Late one night, coming home in a coach with some dubious cronies after seeing a play in Drury Lane, the judge wakes up from nap and is taken out of the coach, arrested. He is led by some “evil-looking fellows” armed with pistols and put in a coach.
He gets out on a desolate moor. He recognizes the footman as Dingly Chuff who was hanged for stealing a spoon. On the side of the road is a giant gallows, eight or ten people hanging off it.
He is taken inside a dark and dingy building, fires burning in its halls, and put in the dock before the High Court of Appeals. Appellant Pyneweck is there. Harbottle is dazed. It’s a sham. The relevant law is non-existent. They don’t have jurisdiction over him. Harbottle enters a plea of not guilty.
He also notes the judge is a “dilated effigy of himself”.
Nothing the prisoner could argue, cite, or state, was permitted to retard for a moment the march of the case towards its catastrophe.
The predictable guilty verdict is pronounced. Chains are put on Harbottle’s legs. He feels the still hot iron burn his leg.
Then he wakes up. It seems to have all been a dream. He’s still in the carriage on the way home with his friends. The pain in his leg seems to have been gout.
The judge is, predictably, out of sorts after this. He keeps thinking about being told his execution is going to come exactly a month after this trial. He even tells Mrs. Pyneweck about it.
Then he begins to convince himself the 10th may not be the day of his death. Maybe it means good fortune will happen that date like his nephew dying and leaving him some money.
On the evening of the 9th, Dr. Hedstone visits. Harbottle claims he feels fine, but Hedstone is not convinced and warns him not to aggravate his gout and leaves.
We then hear what three people saw.
Mrs. Pyneweck’s young daughter sees a man sitting in the judge’s sedan chair.
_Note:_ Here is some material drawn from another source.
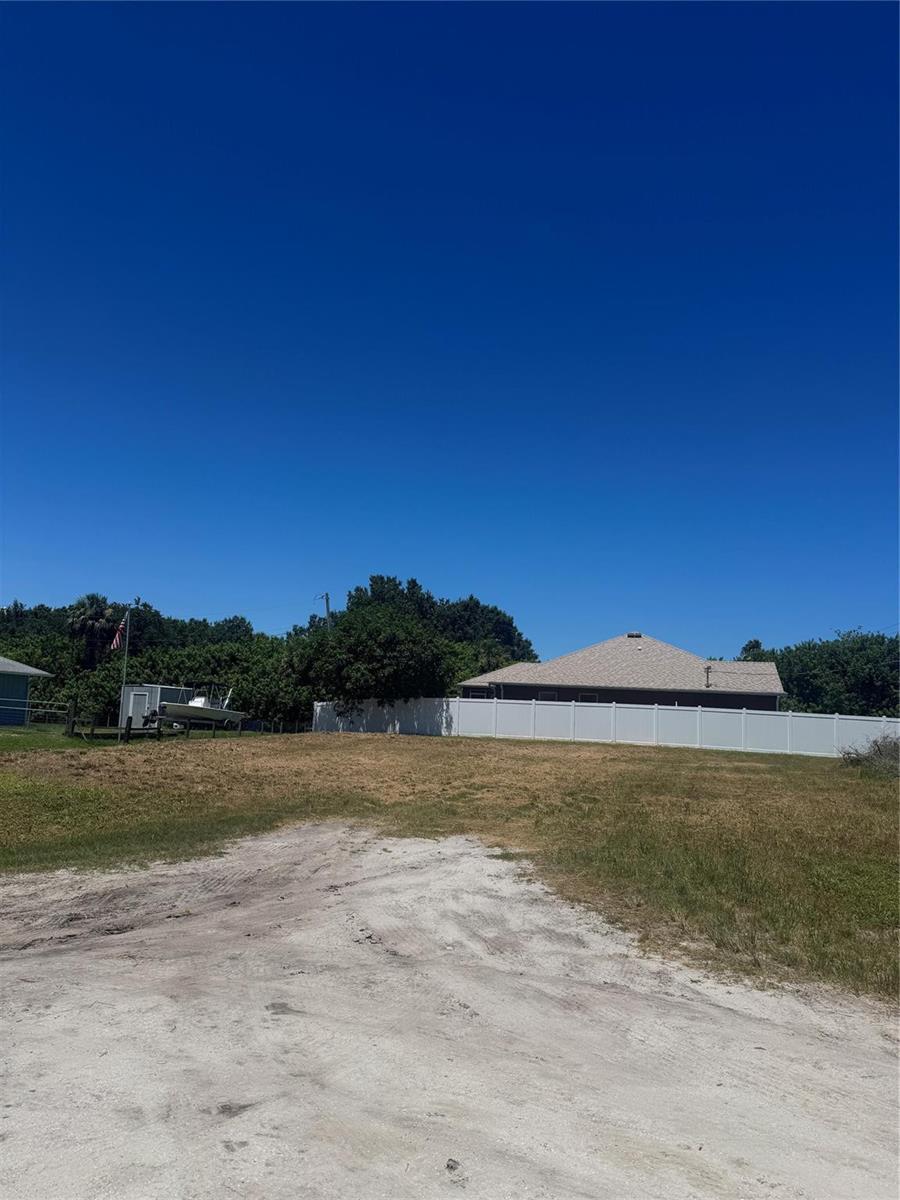 A vacant, grassy lot features a dirt driveway, a white fence, and a nearby house — 8565 90th Avenue, Vero Beach FL 32967, VERO BEACH, FL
The description she gives, unknown to her, is of her father, Mr. Pyneweck. Mrs. Pyneweck goes with the girl over to the chair and asks her again to look past the curtain. Margery the daughter says she sees nothing in the chair now, but that’s because the figure has gone down the hall. A search of the house does not find the man.
Going up the stairs to bring some food to the judge, she sees a strange figure on the staircase with a rope in hand. His description matches what Margery gave and that of her late husband. She follows him into a room, but he vanishes just leaving the rope.
Later that night, a scullery maid sees, in the back kitchen, a blacksmith banging out rivets and chains on a forge. A body is on the floor, and she faints. When two servants hear her scream, she tells him the body was that of the judge. They find the judge still alive and awake in his room.
But, the next morning, Harbottle is found dead, hanging from a rope off the bannister. The death is ruled a suicide but “to at least two persons”, his death on the 10th seems a “startling coinicidence”.
I liked this story and its unusual permutations on the ghost story, specifically in its doubling of Pyneweck when he meets the judge about a conspiracy. Pyneweck is not a ghost then but some kind of spiritual projection or doppelganger but with enough of a physical presence to club the footman. The hangman and the blacksmith forging those chains are not exactly ghosts but spiritual figures of revenge, angels or demons perhaps. There is, with them, also the mixing of the ghostly and physical when the hangman shows up at the end leaving only the trace of his rope when Mrs. Pyneweck follows him. I also liked the believable psychology of Mrs. Pyneweck regarding the death of her husband.